How much you take is entirely up to you. I have a dessertspoonful once a day part way through breakfast. It is not a good idea to drink even a tiny amount of spirits on an empty stomach. A dessertspoonful is more than many other people take, with some suggestions of only a half a teaspoonful.  Others suggest even less and taken at more frequent intervals. You decide.

There have been many studies on the beneficial effects of olive leaf extract. I make no claims about whether or not it does you any good, although I tend to think it helps my aged joints. It certainly does not appear to be doing me any harm. Coming up to 74 I still farm full-time, with a lot of manual work, particularly involving my olives, 800 almonds and smaller numbers of other fruit trees.

Thursday, 26 January 2017

2016 - not the warmest year on record

It was not far off though. A mean of 16.33ºC for the year was marginally lower than 2015's 16.67.

A cool spring and occasional summer rain kept the maximum temperatures below those we have experience in recent years. Overall our mean of over 16º for the last three years, and close to it from 2010 to 2013 shows a definite warming trend. Ten to 12 years ago our mean was closer to 14º. Now I do not want to be alarmist and claim this is an indication of global warming, it is the result for one spot on the whole planet, although I accept that global temperatures appear to be gradually creeping up too.

The higher mean for recent years have come from higher minimums rather than higher maximums, and this has made life much more pleasant - not too hot in the summers and not too cold in the winters. We went from 9th February 2015 to 31st December 2016 between recording a minimum below zero. It has been very rare to record over 35º in the summer for the last few years, whereas the first few years after we arrived in 2003 gave us minimums of minus 6 on a few occasions each winter, and a maximum of 39º on a couple of occasions in the summer.

The olive harvest in 2016 was slightly lower than the previous year despite the trees still being young and continuing to grow. The exceptionally dry 2015 when I spent several months doing nothing but hand watering our 500 trees (losing two from dehydration) meant there was very little growth that year to produce the 2016 harvest. Nevertheless the big old tree in a very favourable spot next to the house had been given extra water through 2015 when it cropped exactly 59kgs, and with more favourable natural conditions in 2016, plus irrigation, managed to just top 60kgs. I have given it a fairly severe pruning because it was becoming too tall and very difficult to harvest the higher branches, so 2017 will not be a bumper year for it.
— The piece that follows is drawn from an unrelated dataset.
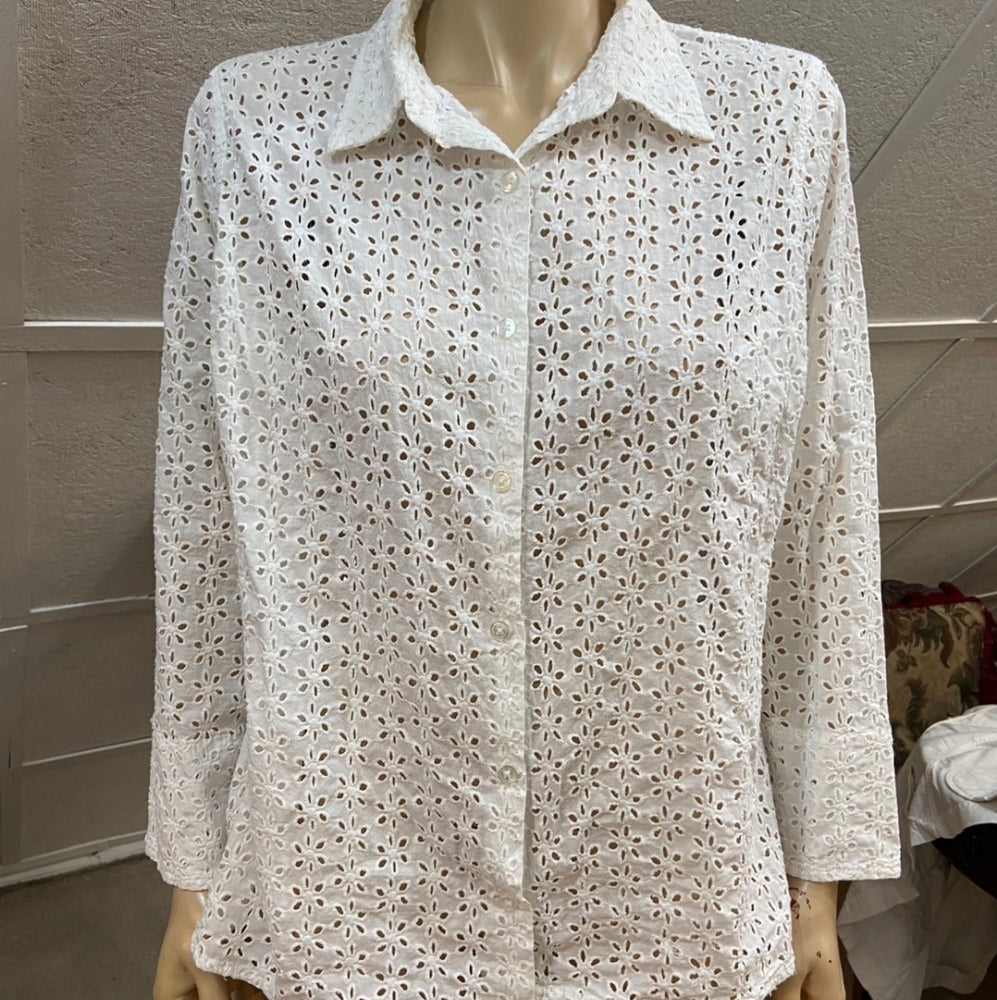 Falls Creek White Eyelet Top with Gap Pink Printed Skirt Outfit Set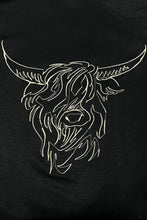 Black T-Shirt with White Highland Cow Graphic for Women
The annual pruning of the trees is behind schedule, because instead of beginning pruning immediately after harvest, I spent that time planting 814 almond trees. They are the self-fertile cultivar Soleta and I imported them from Spain. It was one of the cultivars bred by Sr Rafael Socias Company at CITA, Aragon and he was kind enough to have an email discussion with me regarding a choice of cultivar to plant. I had set myself a target of Christmas to complete the planting, and it was looking doubtful a week before that due to weather disruptions, but a few long days meant I planted the 814th about 20 mins before dark on Christmas Eve.
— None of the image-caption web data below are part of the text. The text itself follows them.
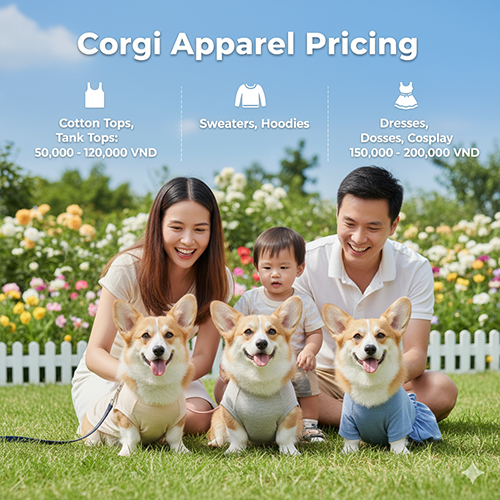 Giá quần áo cho chó Corgi – Áo cotton, hoodie, váy cosplay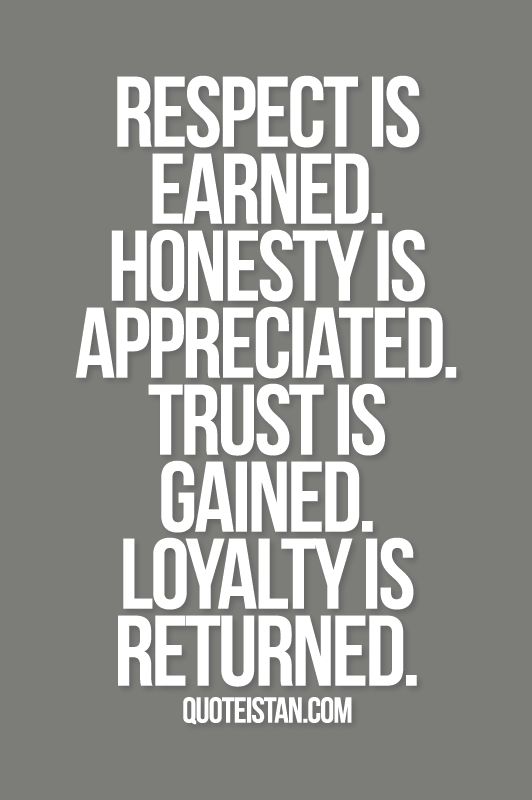Respect is earned. Honesty is appreciated. Trust is gained. Loyalty is returned.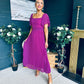 Selma Pleated Midi Dress Berry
I then started on the olive pruning, but again, weather has delayed that (more rain today and much more forecast for the next two weeks) so I am hoping for a good spell of dry weather as the days lengthen over the next few weeks. Differentiation between flower and floral buds on the olives is about mid February and I like to be finished pruning before then. If I go on later I always feel as if I am cutting off fruit. I suppose we farmers are never satisfied with the weather. We need the rain, and we need the sunshine. We want both when it suits us and not at other times.